Depuis le début du débat sur la loi immigration en France, les présidents des universités françaises n’ont eu de cesse, par voie de communiqués de presse, de manifester leur opposition à certaines mesures répressives à l’encontre de la communauté estudiantine étrangère en France.
Mais hier soir, suite au vote de cette loi qui fait la part belle aux positions de longue date de l’extrême droite, les présidents d’une vingtaine d’universités ont à nouveau exprimé leur colère, voyant se matérialiser l’objet de leur inquiétude.
Les présidents de plusieurs universités parisiennes, parmi lesquelles Paris 8 Vincennes-Saint Denis, Nantes Université, La Sorbonne, Paris Sciences et Lettres, Paris Cité, Paris 1 Panthéon–Sorbonne, rejoints par d’autres présidents d’universités à Strasbourg, Toulouse, Bordeaux, Lyon et Aix-Marseille, pour n’en citer que quelques-unes, font part de «leur vive inquiétude» et déplorent que «la version proposée à cette heure vienne s’attaquer aux valeurs sur lesquelles se fonde l’université française». Ces valeurs sont, rappellent-ils, «celles de l’universalisme, de l’ouverture et de l’accueil de la libre et féconde circulation des savoirs, celles de l’esprit des Lumières».

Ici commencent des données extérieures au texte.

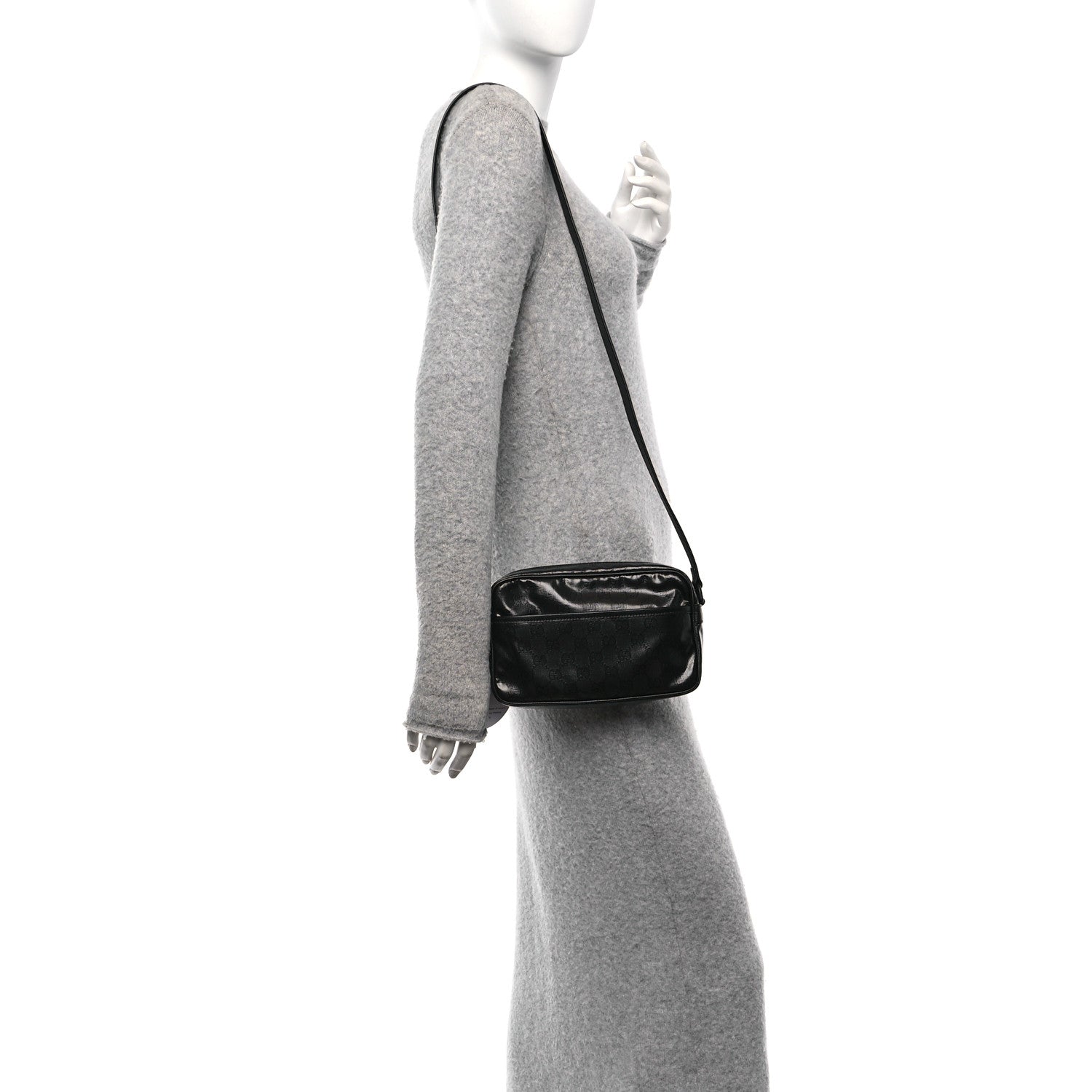 GG Crystal Monogram Mini Shoulder Bag Black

Les nouvelles mesures concernant les étudiants étrangers qui font grincer des dents l’enseignement supérieur français
Parmi les mesures contestées, trois en particulier hérissent le poil des présidents des universités et des grandes écoles françaises. C’est ainsi le cas de l’instauration des quotas migratoires, mesure qui implique la tenue d’un débat annuel au Parlement, lequel devra voter, pour trois ans, le nombre des étrangers, par catégorie, admis à s’installer en France, hors asile.

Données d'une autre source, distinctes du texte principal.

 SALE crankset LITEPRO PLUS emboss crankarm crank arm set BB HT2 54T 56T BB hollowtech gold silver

Autre point de crispation: la création d’une «caution retour» pour l’obtention d’un premier titre de séjour étudiant. À ce sujet, les présidents des universités rappellent que «l’accès aux connaissances et à la formation ne peut être entravé par des considérations financières si restrictives et sans fondement à l’image de l’instauration d’une caution de retour ou d’une limitation des aides sociales».
Par ailleurs, poursuivent-ils, «appliquer de façon généralisée et sans possibilité d’exonération la majoration des droits d’inscription pour les étudiantes et étudiants extra-communautaires aurait un effet particulièrement délétère sur le nombre, l’origine géographique et la situation sociale des étudiants pouvant venir étudier en France. Cela reviendrait également à mettre en cause l’autonomie des universités quant à leur stratégie d’accueil et de rayonnement international».

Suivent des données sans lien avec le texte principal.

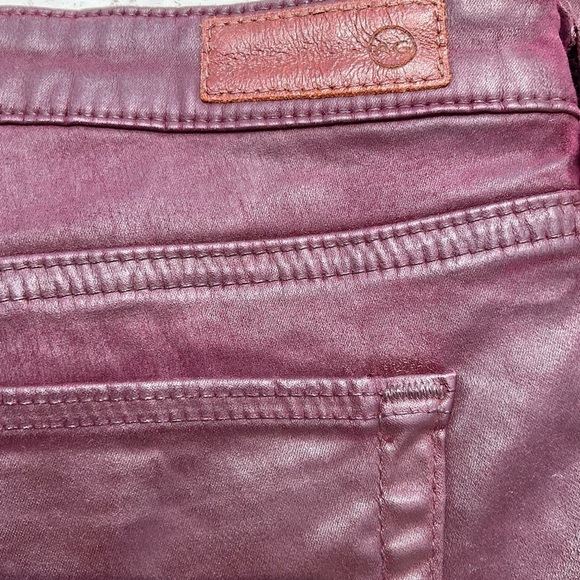 Woman's Adiano Goldschmeid AG Maroon Legging Super Skinny Ankle Faux Leather - Picture 8 of 12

Vers la fin du rayonnement académique et de la compétitivité économique internationale de la France ?
Dans ces mesures, jugées «indignes» de la France, et au-delà des sérieuses entorses faites au principe d’humanisme cher aux universités françaises, les auteurs du communiqué voient la mise en danger de «la stratégie d’attractivité de l’enseignement supérieur et de la recherche française», et une nuisance considérable à «l’ambition de faire de notre pays un acteur majeur de la diplomatie scientifique et culturelle internationale».
Ce virage politique se situe en effets aux antipodes de l’invitation qui leur est faite de «renforcer leurs ambitions pour le rayonnement de la recherche». Ainsi, questionnent-ils, «comment accepter des mesures qui tendront à replier l’université française sur elle-même alors que nos étudiants et chercheurs accueillis participent à la production, à la diffusion des valeurs et des savoirs académiques et culturels au-delà de nos frontières?».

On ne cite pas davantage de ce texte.